For many interned Japanese Americans, these injustices are indelible.
Here are three firsthand stories of post-war life as experienced by those who suffered internment.
Happy Homecoming
When Al Tsukamoto returned to California after three years in an internment camp, his grape farm was waiting for him—thanks to the compassion and hard work of a California agriculture inspector. As hundreds of fellow farmers were being sent to camps, Bob Fletcher ignored the resentment of his neighbors and quit his job to help a Japanese American family in desperate need of losing their farm. With no experience growing flame tokay grapes, Fletcher agreed to manage Tsukamoto’s 90 acres. if he could pay the taxes and mortgages while the Tsukamoto family was interned, Fletcher could keep the profits. But when the family returned home, they discovered Fletcher kept only half the profits. The other half was waiting for them in the Tsukamotos’ bank account.
Rejoin Society
While in an internment camp in 1942, Mitsuye Endo, with the encouragement of a civil rights attorney, filed a lawsuit arguing it was illegal to detain someone who had declared allegiance to the United States. Two years later, the Supreme Court unanimously agreed, which helped bring an end to Japanese American internment camps.
Even though Endo was at the center of a landmark civil rights case, she avoided the public spotlight and rarely brought up the details of her case with her own children. Her daughter, Terry DeRivera, said she didn’t know her mother had played such a significant role in American history until she was in her 20s, but said she was proud of what her mother did for Japanese Americans.
Like Endo, some Nisei—those born in America to Japanese American immigrant parents—keep their internment experiences to themselves, choosing to look forward, beyond the injustices they survived. Other Nisei are more vocal about their internment experience.

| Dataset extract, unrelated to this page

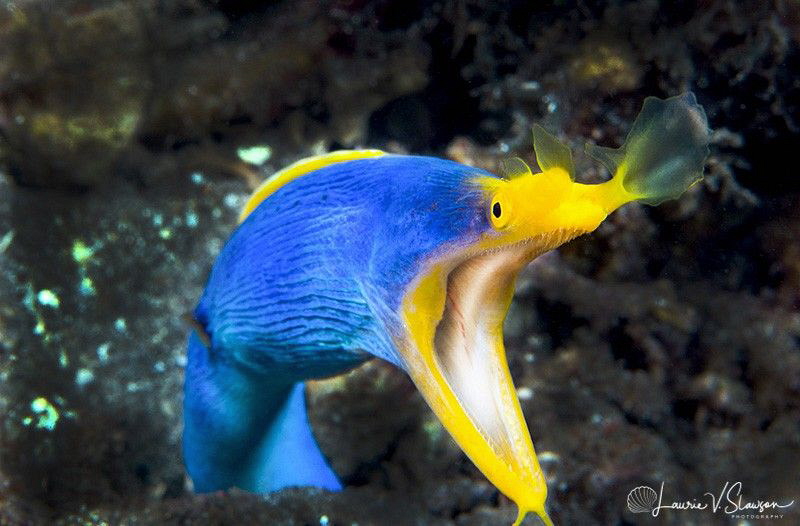Male Ribbon Eel/Photographed with a 60 mm macro lens at L... by Laurie Slawson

Fred Korematsu, for example, who challenged internment in the Supreme Court, ultimately was awarded the Medal of Freedom by President Clinton in 1998. Carrying on his legacy, his daughter founded the Fred T. Korematsu Institute, whose mission is to educate and advance racial equality, social justice and human rights for all.
Move To Japan
Regardless of his United States citizenship and military service in World War I, Joseph Yoshisuke Kurihara was forced into the Manzanar internment camp when World War II began. During the nearly four years he was there and at Tule Lake segregation camp, Kurihara became a controversial and outspoken leader of Japanese American resistance. So angered by the way his government had mistreated him, Kurihara renounced his U.S. citizenship when President Roosevelt signed the Renunciation Act of 1944. The following year, Kurihara boarded a ship for Japan—only to be met by a country devastated by war, poverty and homelessness. Today many remember Kurihara as a civil rights hero, who despite the personal cost, chose Renunciation in his pursuit of justice.
Formal Apology
In 1988—more than 40 years after the camps close—the US government issues a formal apology for the relocation of 120,000 Japanese-American residents to internment camps. The government also grants $1.6 billion in reparations to all survivors of Japanese American internment camps, which is about $20,000 to each internee. In recording their experiences, many survivors of the camps say that money doesn’t erase the injustice of Japanese American internment camps. Can you empathize with Japanese Americans who feel this way after they were denied their civil liberties and forced to make choices under duress?